You still never told me what happened that day, and to be honest, we haven't talked much in the past week and a half. Talking on the phone was never really our thing. I mean, I wasn't really opposed to it, but I much preferred listening to you speak while I could see the corner of your left eye twitch when you smiled.

Despite our lack of interaction, you offered to drive me to school, and of course I didn't pass that opportunity up.

As soon as I got in your car we began talking without end. At various points whilst I ranted to you, I caught you watching my movements for too long, which resulted in me yelling at you to watch the road.

Your presence alone made me feel whole. Your sweet voice, unaccompanied by the cracks from the phone, was music to my ears.

The entire day back at school was generally good, although I did miss Holden, who I had talked to every single day during the break. Thankfully I had Lydia and Maddie with me now.

I don't talk about them a ton in these little letters, mainly because they don't really pertain to our relationship, but I really do love them both. In fact, they are the ones who helped me get over you last year.

They have both always been there for me, and for that I'm immensely thankful for.

I don't really know why I'm saying all of this, but maybe it's because in between the confines of this paper I have found a safe haven where all of my thoughts and words can be my own.

I've always been awful at expressing my thoughts to other people by speaking, and you knew that better than anyone else. We could spend hours at your house without speaking. We would sit on the ground in front of the television, you would play those stupid video games that I never understood while I laid in between your legs. I enjoyed the little things like your breathing patterns and the drumming of your heart against your chest.

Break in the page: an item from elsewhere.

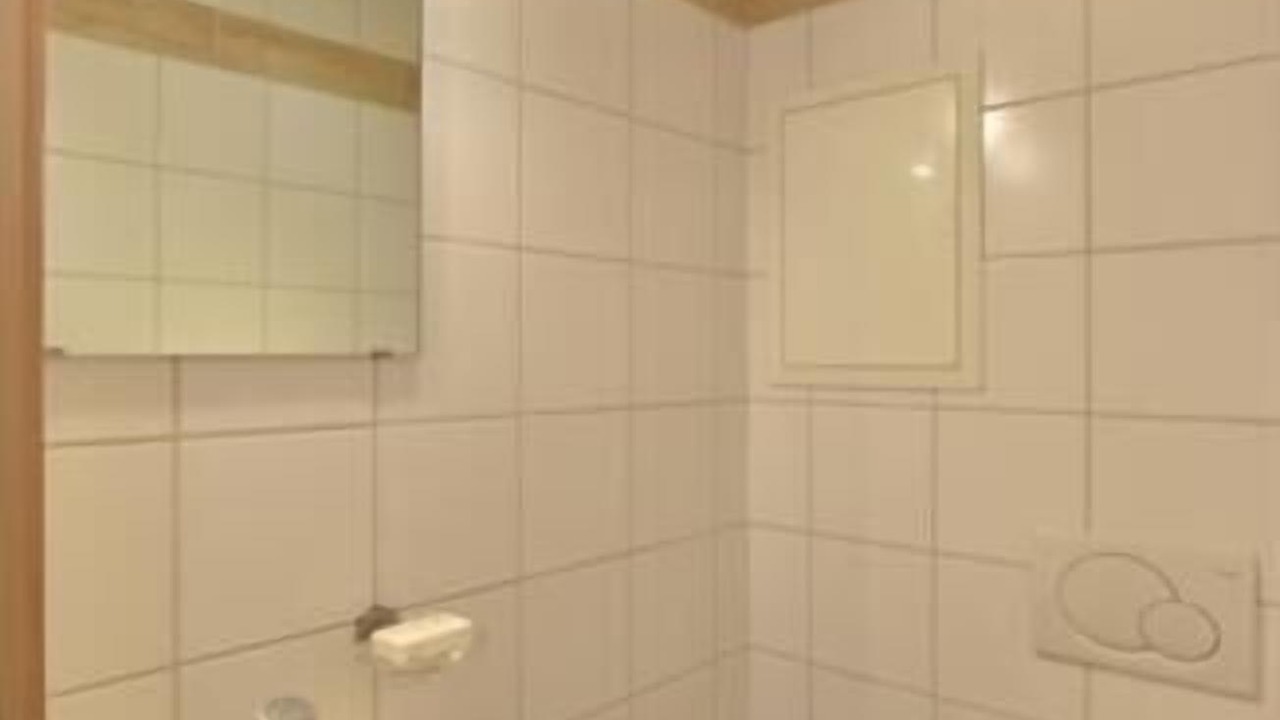Photo of Bathroom in Grimentz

And that's exactly what we did during today.

Your house seemed peaceful on the outside, but as hours passed there was a thick tension growing. This tension affected your entire family. Nathan seemed quieter than usual, only nodding his head in response to anything. Aaron was the opposite of his usual bubbly self. And Mason seemed to be in a bitter mood. He kept hinting for us to leave, yet never straight up telling us to go, which confused me more.

So, due to the lingering feeling of unwantedness, I walked home, only to be met with impending doom at my doorstep.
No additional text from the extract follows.